Felix E. KASBAUM, Plaintiff-Respondent,
v.
Dr. George E. LUCIA and Madison General Hospital, Defendants-Appellants,
Dr. Richard A. GRAF, Defendant-Appellant.[]
No. 83-2105.
Court of Appeals of Wisconsin.
Submitted on briefs July 8, 1985. Decided October 3, 1985.*17 For the defendants-appellants the cause was submitted on the briefs of Eugene O. Gehl, Curtis C. Swanson and Paul W. Schwarzenbart and Brynelson, Herrick, Gehl & Bucaida of Madison.
For the defendant-appellant Richard A. Graf the cause was submitted on the briefs of Barbara L. Block and Boardman, Suhr, Curry & Field of Madison.
For the plaintiff-respondent the cause was submitted on the brief of Roy N. Fine and Molbreak Law Office of Madison.
Brief of amicus curiae was filed by William C. Gleisner, III and David L. Nichols and Weiss, Steuer, Berzowski *18 Brady & Donahue of Milwaukee on behalf of the Wisconsin Academy of Trial Lawyers.

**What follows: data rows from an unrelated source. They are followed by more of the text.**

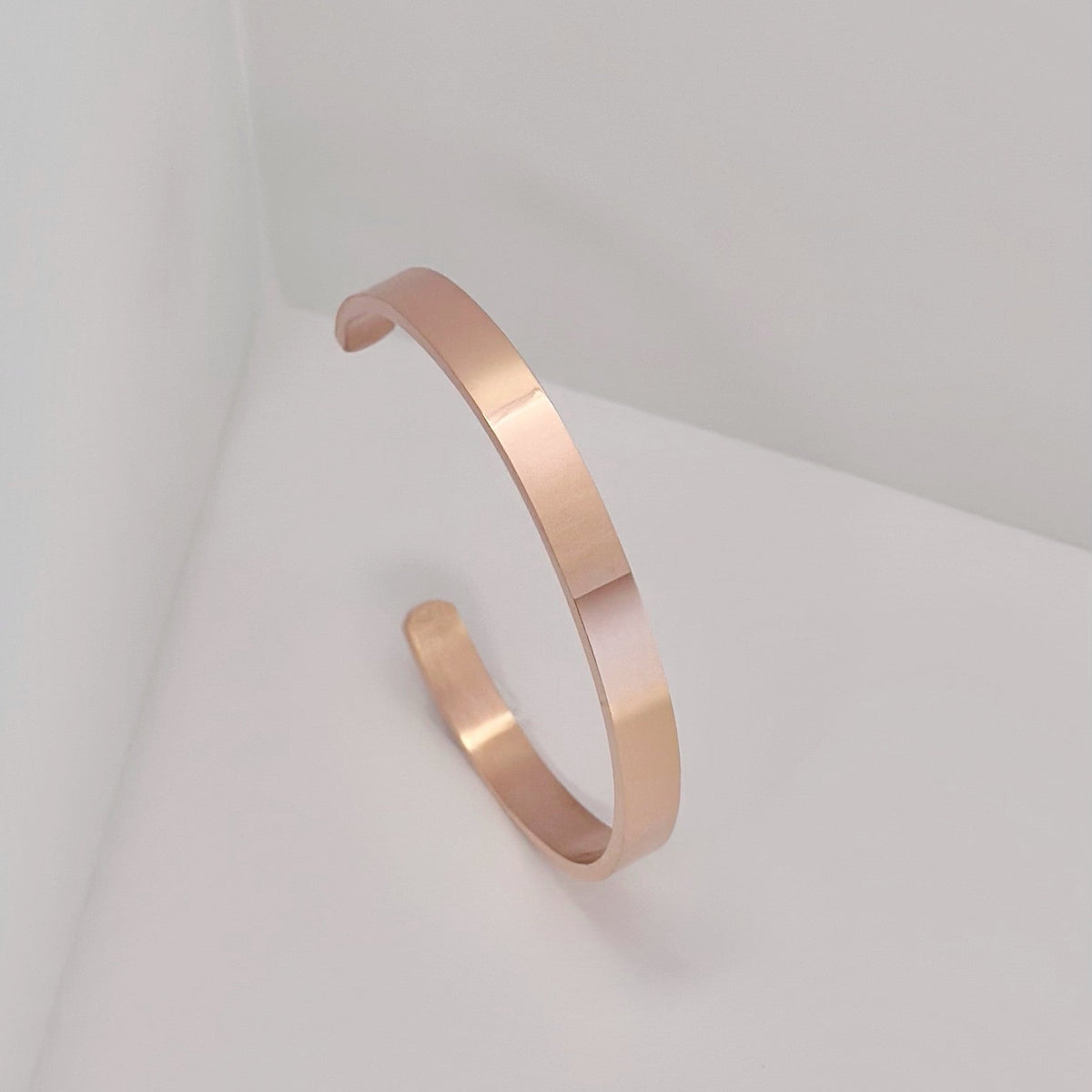 Hera – Brazalete chapado en oro rosa (4 mm / 6 mm)
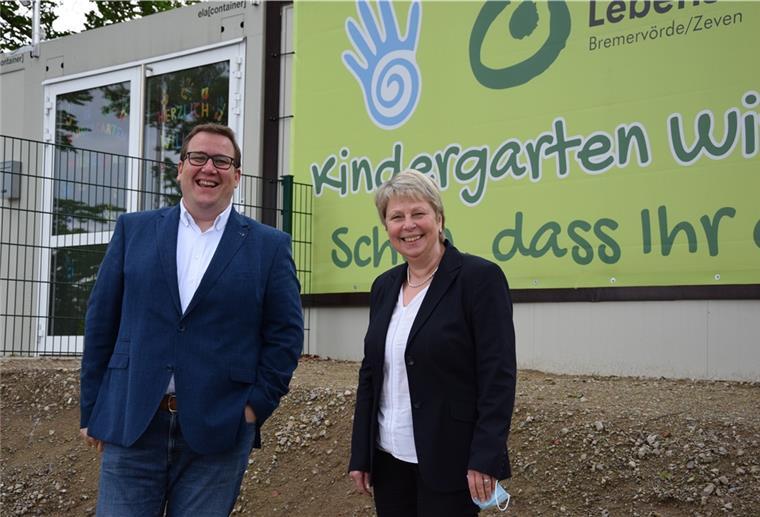 Die Lebenshilfe-Geschäftsführung: Volker Wahlers und Marlies Schröder blicken voller Zuversicht auf die geplante Kooperative Kita mit 113 Plätzen für beeinträchtigte und nicht beeinträchtigte Kinder unter einem Dach.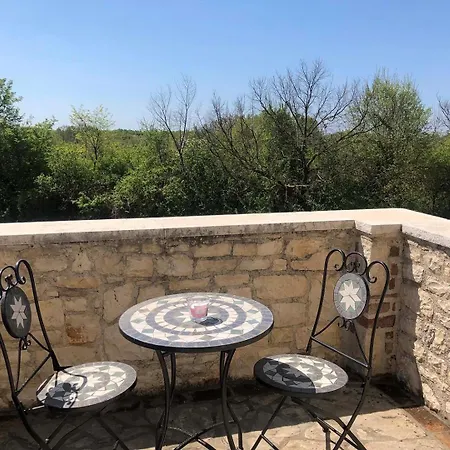 Villa Lamija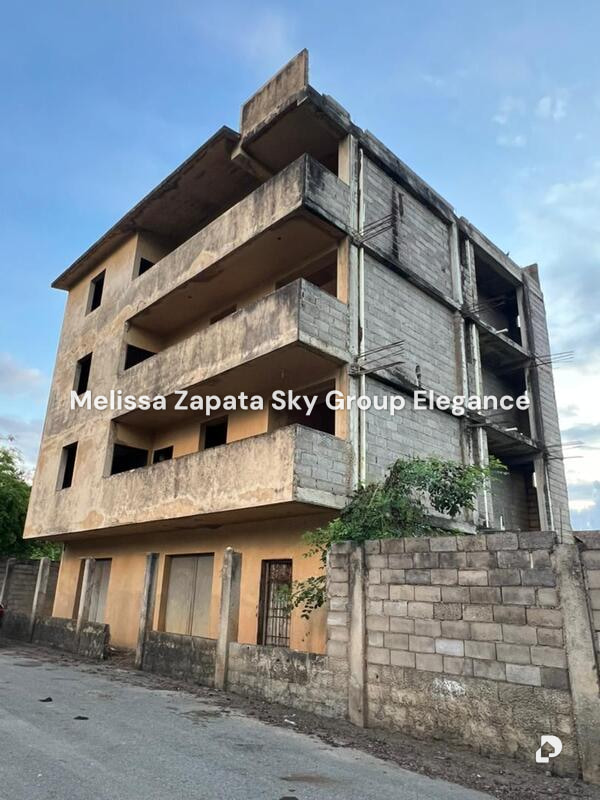 Edificio en Trujillo – 1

Before Gartzke, P.J., Dykman, J., and Eich, J.
EICH, J.
Drs. George Lucia and Richard Graf and Madison General Hospital appeal from an order denying their motions for summary judgment dismissing this medical malpractice action. The issue is whether the trial court lacked jurisdiction because the controversy was not first heard and determined by a patients compensation panel as required by sec. 655.04(1)(b), Stats. We answer the question in the affirmative and therefore reverse.

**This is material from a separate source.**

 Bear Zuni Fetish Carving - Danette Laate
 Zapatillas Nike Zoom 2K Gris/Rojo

In reviewing grants or denials of summary judgment, we employ the same methodology as the trial court. We look first to the pleadings to see whether the plaintiff has stated a claim and the defendant has joined the issue. If so, we consider the moving party's affidavits. If those affidavits state a prima facie case for relief or, as here, a prima facie defense, we examine the opposing affidavits to determine whether there are material issues of fact which would justify trial on the merits. In re Cherokee Park Plat, 113 Wis. 2d 112, 115-16, 334 N.W.2d 580, 582-83 (Ct. App. 1983). If the facts are undisputed, we proceed to decide the legal issues. Sec. 802.08(2), Stats. In this case the complaint adequately states the malpractice claim and appellants' answers join the issue. Appellants' affidavits in support of their motions allege a prima facie defensenoncompliance with sec. 655.04(1)(b), Stats. and the opposing proofs raise no factual issues.
Kasbaum filed a claim with the patient's compensation panel on June 14, 1982, alleging that appellants were negligent in performing surgery on him three years earlier. The panel's attorney-chairperson ordered Kasbaum to name his medical experts by December 1, 1982. On December 2, 1982, Kasbaum's attorney informed the panel that he had not yet located any expert witnesses and requested *19 a second pre-hearing conference. The chairperson advised him to file appropriate motions for extension if he needed more time. Kasbaum did nothing further, and, on January 31 and February 9, 1983, appellants moved for summary judgment dismissing the claim. The motions were accompanied by physicians' affidavits stating that appellants met all applicable standards of care in their treatment of respondent. Kasbaum, opposing the motion, filed the affidavit of a physician indicating a present inability to ascertain any causal connection between the 1979 surgery and the condition of which respondent now complains.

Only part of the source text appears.